Sorprendida por su apoyo incondicional, Keely se sintió más animada.
– No sé -dijo de todos modos-. El matrimonio ya es algo complicado de por sí. Y mis hermanos podrían arruinamos la vida si no llegan a perdonarlo.
– No seas tan cobarde -dijo Meggie-. Rafe y tú tenéis suerte de haberos encontrado. Si lo único que se interpone entre vosotros es la familia, sería una locura rechazarlo.

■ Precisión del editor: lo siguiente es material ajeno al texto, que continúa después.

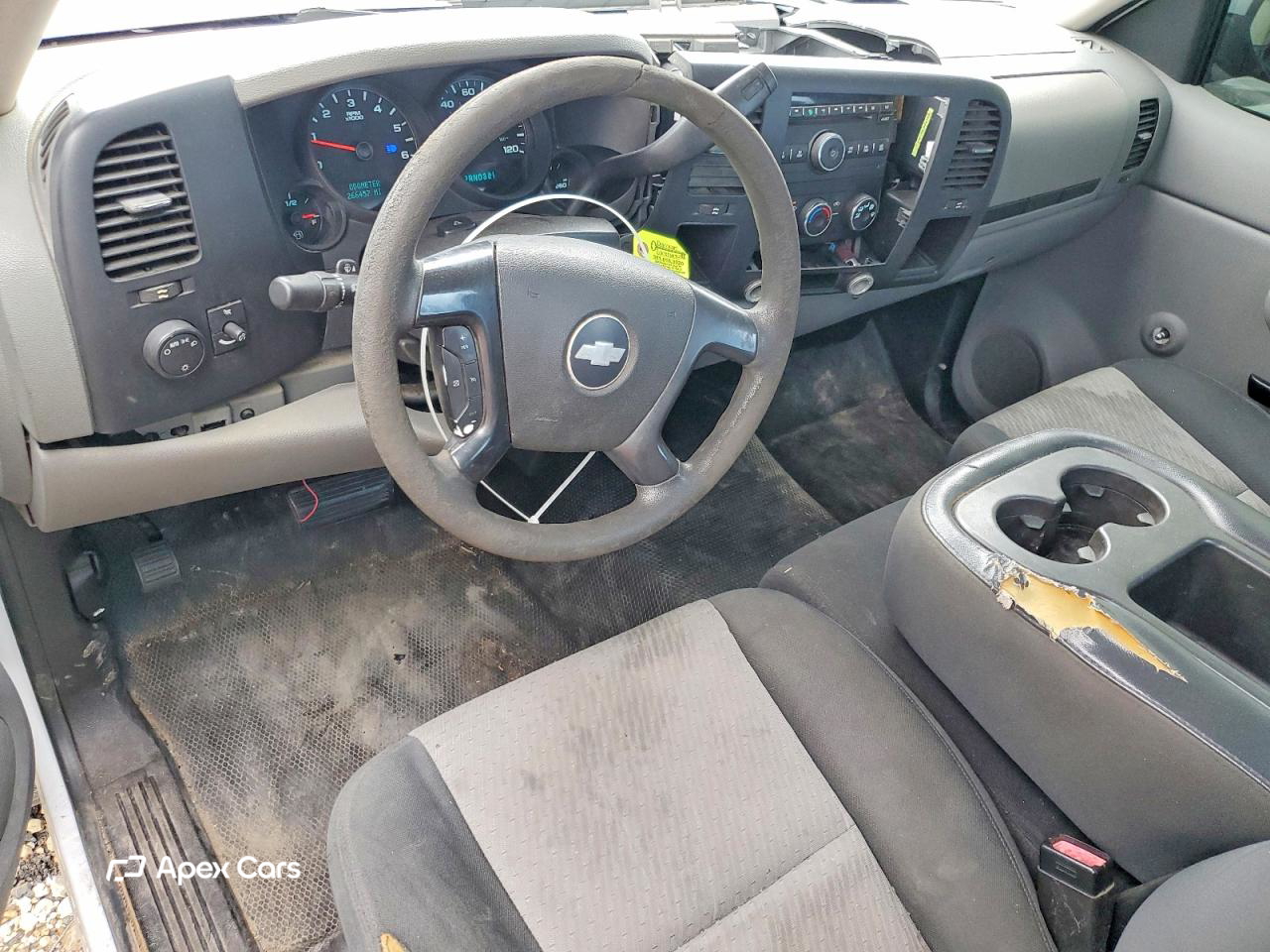 Chevrolet Silverado 2008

– Y no te preocupes por los chicos -añadió Olivia-. Acabarán cediendo cuando vean lo feliz que te hace Rafe. Y si no, tendremos que presionarlos un poco. A ver quién tiene más fuerza: los increíbles Quinn o sus increíbles mujeres -bromeó.
Amy pidió otra botella de vino y Keely dio un sorbo a su copa antes de que Olivia se la llenase de nuevo.
– No es solo la familia. Tengo la repostería en Nueva York. Tengo responsabilidades. Me costaría marcharme. Tendría que hacerme mi sitio aquí. Y no estoy segura de que a Boston le interesen mis tartas.
– El trabajo es trabajo -contestó Olivia-. Y el amor es amor. Además, ¿quién dice que tienes que venirte a Boston? Quizá se vaya Rafe a Nueva York.
– Quizá -dijo Keely sin mucho convencimiento-. La verdad es que no lo hemos hablado. Yo puedo preparar tartas en cualquier parte. Y amo a Rafe. Y puede que haya estado muy obsesionada con la reacción de mi familia. No me van a expulsar por casarme con él.
– No se lo permitiremos -dijo Meggie. Keely recogió la servilleta de su regazo y la puso sobre la mesa.
– Ten… tengo que irme.
– No hemos terminado de comer -protestó Olivia.